▶ Problem requirements:
Would you quote every entry exactly, dropping only the pictures?

===== Given data =====

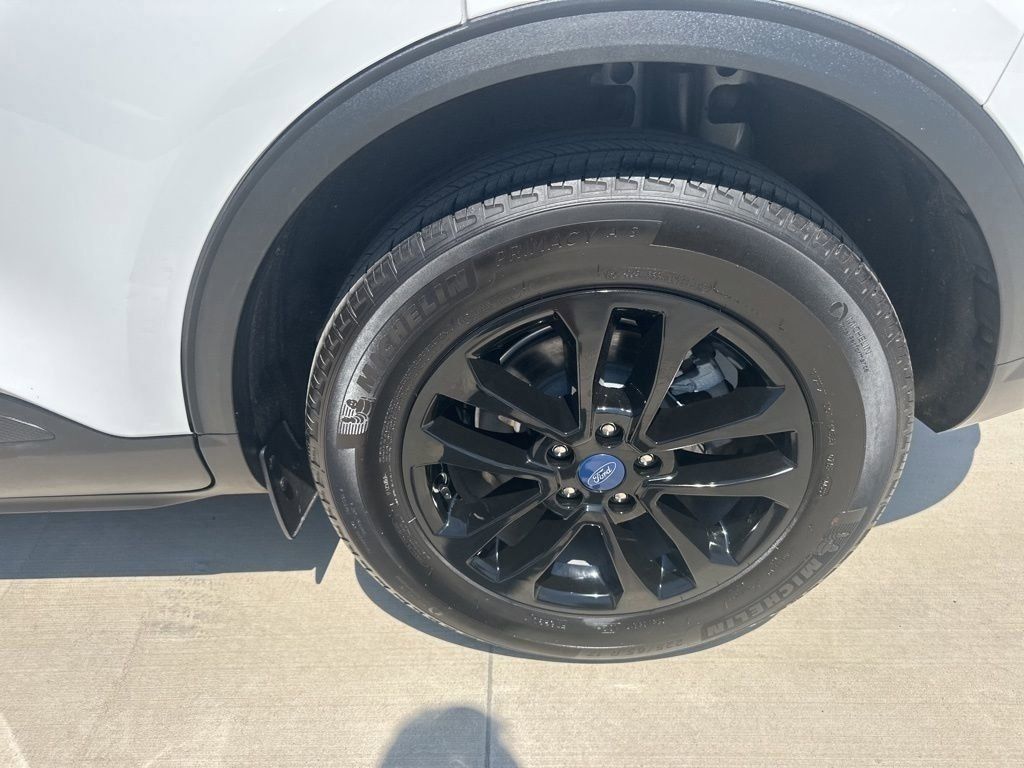 2022 Oxford White Ford Escape SE FWD SUV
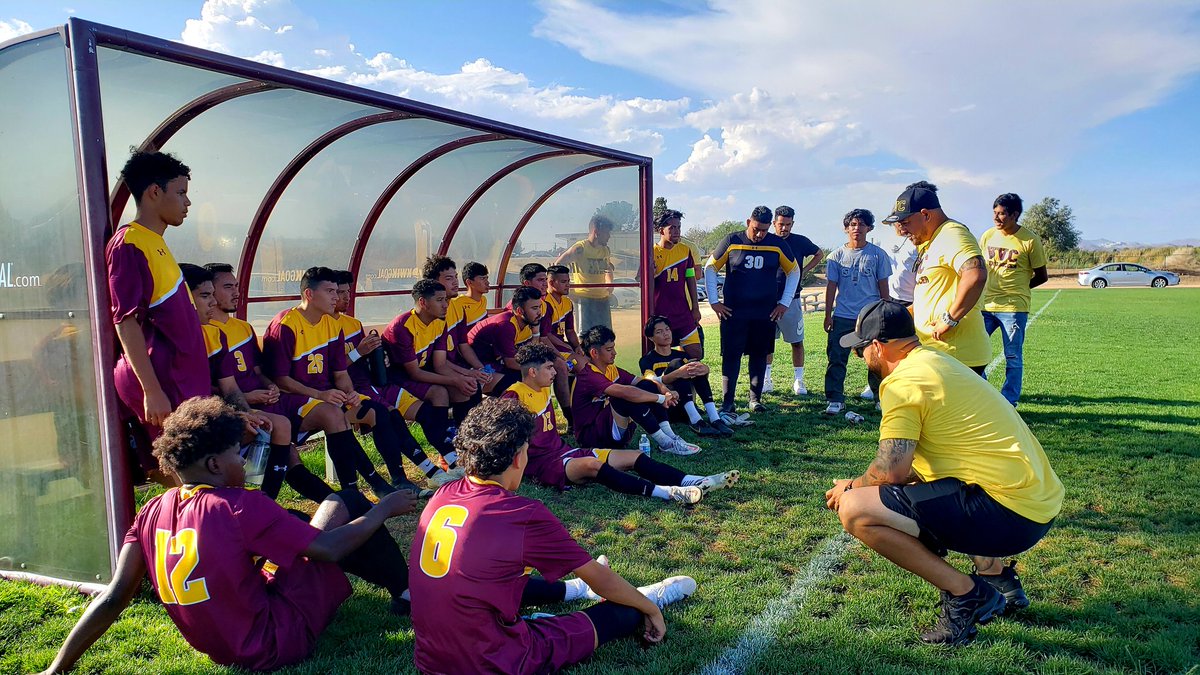 VVCMensSoccer's tweet photo. @VVCedu winning 2-0 at the half versus @ivcollege. https://t.co/Njc4edlFIE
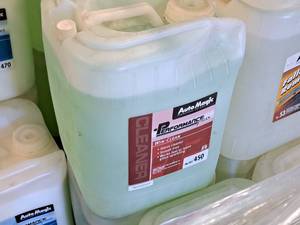 lot 433 image: Lot of (3) Auto Magic Win-Clean Glass Cleaner 5-gallon Plastic Jug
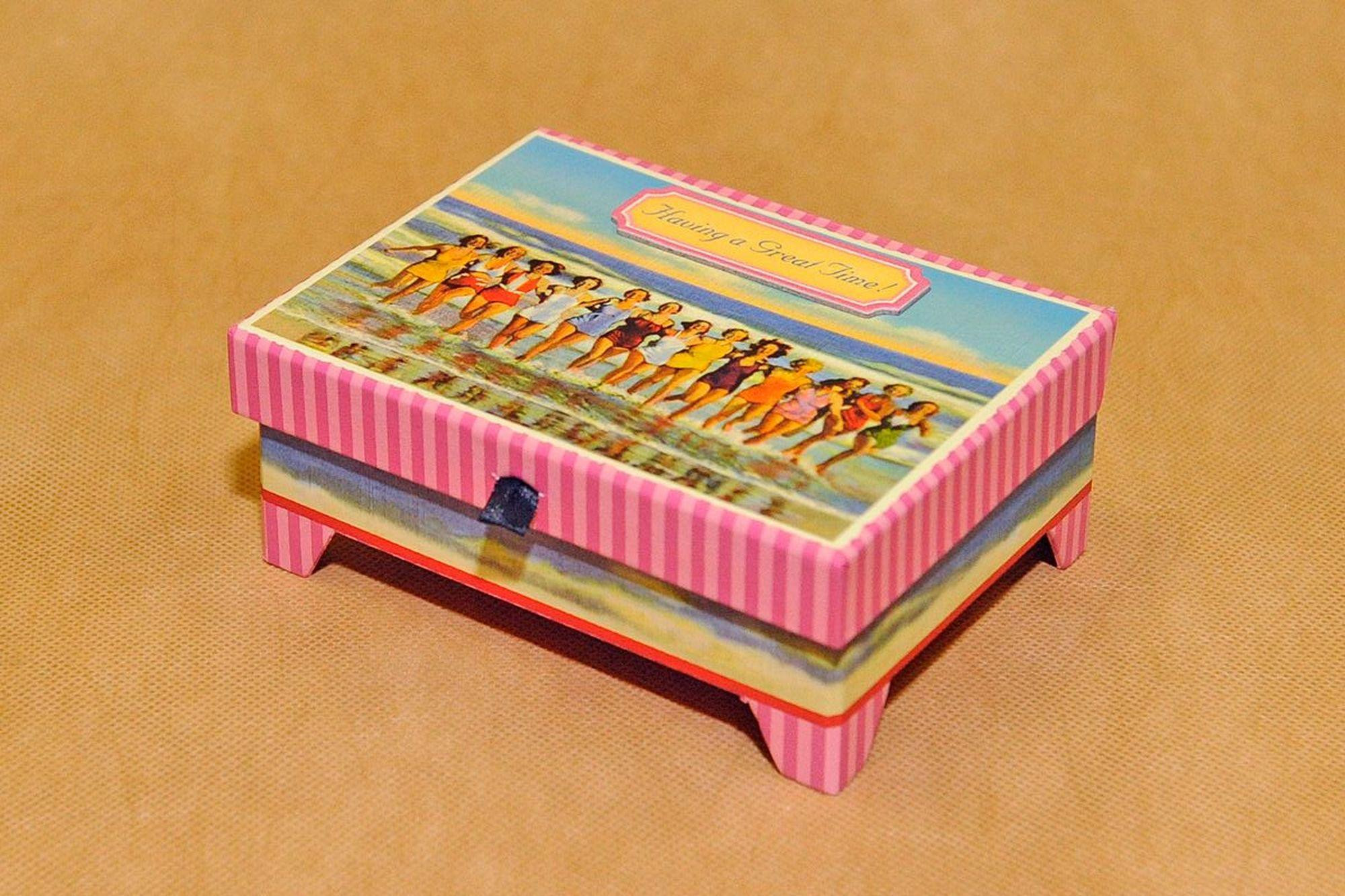 Timeworks Beach Girls BCAB2S
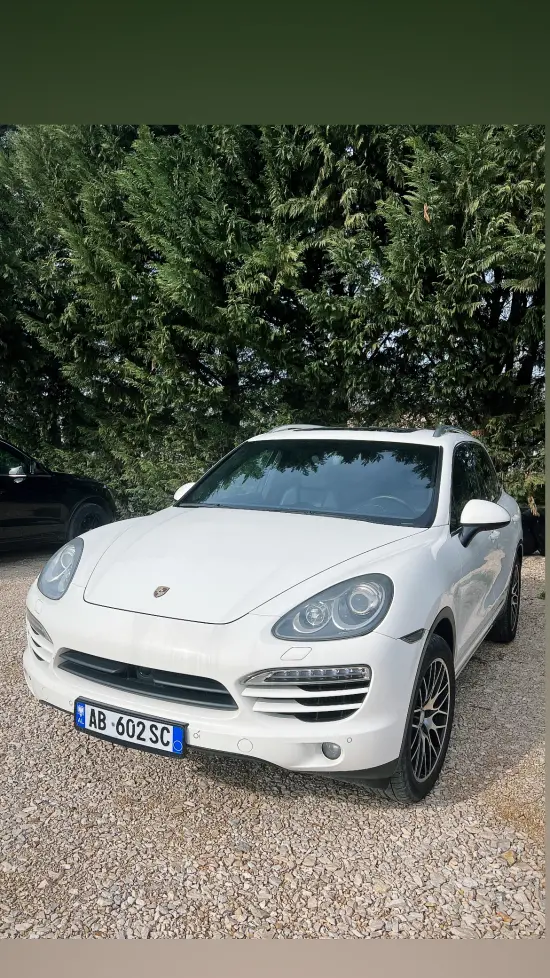 Rent a 2015 Porsche Cayenne in Tirana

=====

▶ Output of the task:
 2022 Oxford White Ford Escape SE FWD SUV
 VVCMensSoccer's tweet photo. @VVCedu winning 2-0 at the half versus @ivcollege. https://t.co/Njc4edlFIE
 lot 433 image: Lot of (3) Auto Magic Win-Clean Glass Cleaner 5-gallon Plastic Jug
 Timeworks Beach Girls BCAB2S
 Rent a 2015 Porsche Cayenne in Tirana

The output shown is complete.